Od początku roku akcje producenta i dystrybutora rękawic gumowych potaniały już o około 7 proc. We wtorek również świeciły na czerwono. Presja podaży to pokłosie kiepskich wyników w I półroczu. Zarząd przekonuje jednak, że największe perturbacje spółka ma już za sobą.
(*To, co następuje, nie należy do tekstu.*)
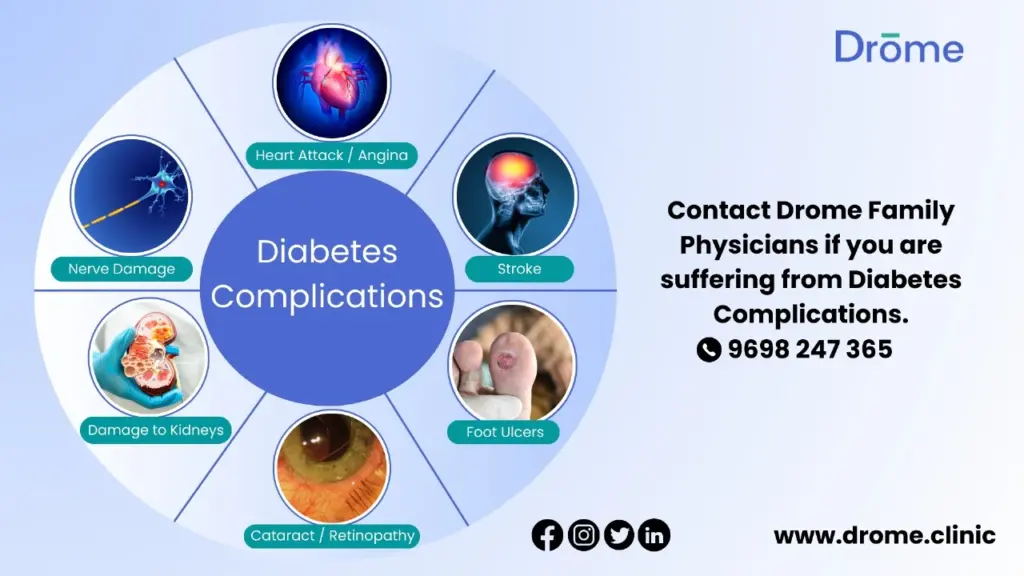 complication-of-diabetes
W pierwszych sześciu miesiącach grupa zanotowała niespełna 0,9 mln zł skonsolidowanego zysku netto przypisanego akcjonariuszom jednostki dominującej wobec 6,7 mln zł czystego zarobku w takim samym okresie roku poprzedniego. W tym czasie przychody grupy wzrosły o blisko 16 proc., do 149,3 mln zł. – Widzimy już stabilizację otoczenia biznesowego, a największe perturbacje wydają się już za nami. Gdyby nie zawirowania na rynku surowcowym i walutowym, nasze półroczne wyniki finansowe byłyby nawet o kilkadziesiąt procent wyższe rok do roku – mówi Witold Kruszewski, członek zarządu ds. finansowych. – Przejściowy charakter tych czynników sprawia, iż jesteśmy pozytywnie nastawieni do potencjału wzrostu wyników w przyszłości – dodaje.
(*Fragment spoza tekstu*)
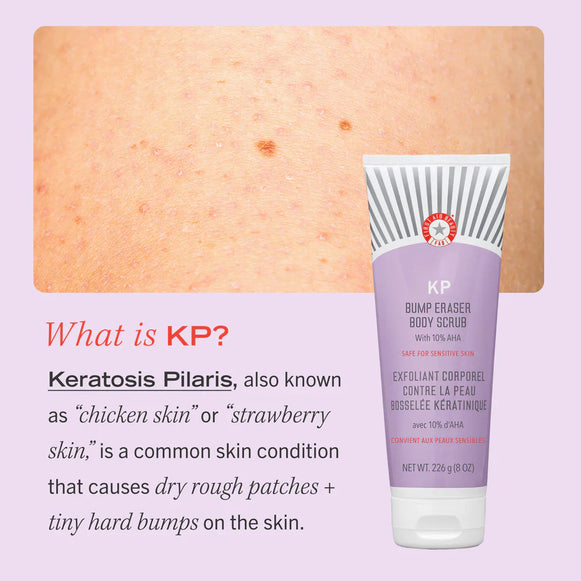 First Aid Beauty KP Bump Eraser Body Scrub with 10% AHA 56g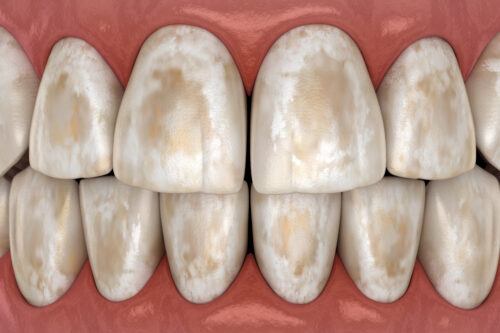 tooth enamel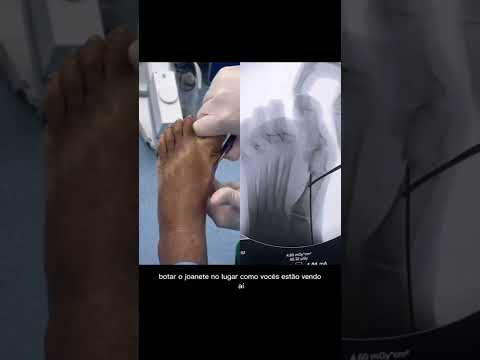Como consigo operar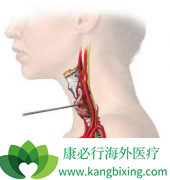 ��״�����������𣿲����ƻ��ݱ�ɼ�״�ٰ���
W segmencie dystrybucji, odpowiadającym za ponad 70 proc. przychodów, w sprzedaży znalazły się produkty powstałe z kupowanych w I kwartale droższych surowców – lateksu naturalnego i syntetycznego. Jednocześnie nasiliła się presja na spadek cen wyrobów dla finalnych odbiorców w związku ze spadającymi już w II kwartale cenami surowców i kursem USD/PLN. Zaowocowało to spadkiem marż dystrybucyjnych, gdyż sytuacja rynkowa skutecznie ograniczała pełne przełożenie wzrostu kosztów na klientów. Zarząd zaznacza, że również w segmencie produkcyjnym sytuacja może się poprawić dopiero teraz, kiedy do produkcji trafia zamówiony po niższych cenach lateks naturalny, z którego produkowane są rękawice. – Obecnie cena lateksu naturalnego to 5,53 MYR/kg (4,6 zł), zatem około 32 proc. poniżej szczytu z lutego. Dla segmentu dystrybucji dobrą wiadomością jest najtańszy od dwóch lat dolar, którego kurs spadł już poniżej 3,6 zł. Aktualnie widzimy uspokojenie sytuacji rynkowej, co powinno oznaczać powrót producentów i dystrybutorów rękawic do dynamicznego wzrostu realizowanych zysków – kwituje Kruszewski.